Bend, Twist, Tear, the simple truth of GODS Holy words

Matthew 24:33-37KJV
33 So likewise ye, when ye shall see all these things, know that it is near, even at the doors.
34 Verily I say unto you, This generation shall not pass, till all these things be fulfilled.
35 Heaven and earth shall pass away, but my words shall not pass away.
36 But of that day and hour knoweth no man, no, not the angels of heaven, but my Father only.
37 But as the days of Noah were, so shall also the coming of the Son of man be.

Jesus said his Kingdom was "near" during his earthly ministry. It was "near" because he was near. And where he is, the coming of the Kingdom will follow eventually.

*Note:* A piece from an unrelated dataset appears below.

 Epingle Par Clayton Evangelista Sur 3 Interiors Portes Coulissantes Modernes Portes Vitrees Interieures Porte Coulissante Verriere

If you think "near" means that his Coming was about to take place 2000 years ago, you must also believe the earth is flat.

No, I'm not a Partial Preterist, and no I don't bend and twist Scriptures. Jesus explicitly said his Coming was "near," not indicating it was about to take place, but rather, that his very presence signaled imminent judgment for the Jewish People and for any nation opposing God.

Jesus also said that "this generation" would see the fall of Jerusalem. I don't make that up. I didn't twist it. On the other hand, you deny he said this, or twist what he said to say something else.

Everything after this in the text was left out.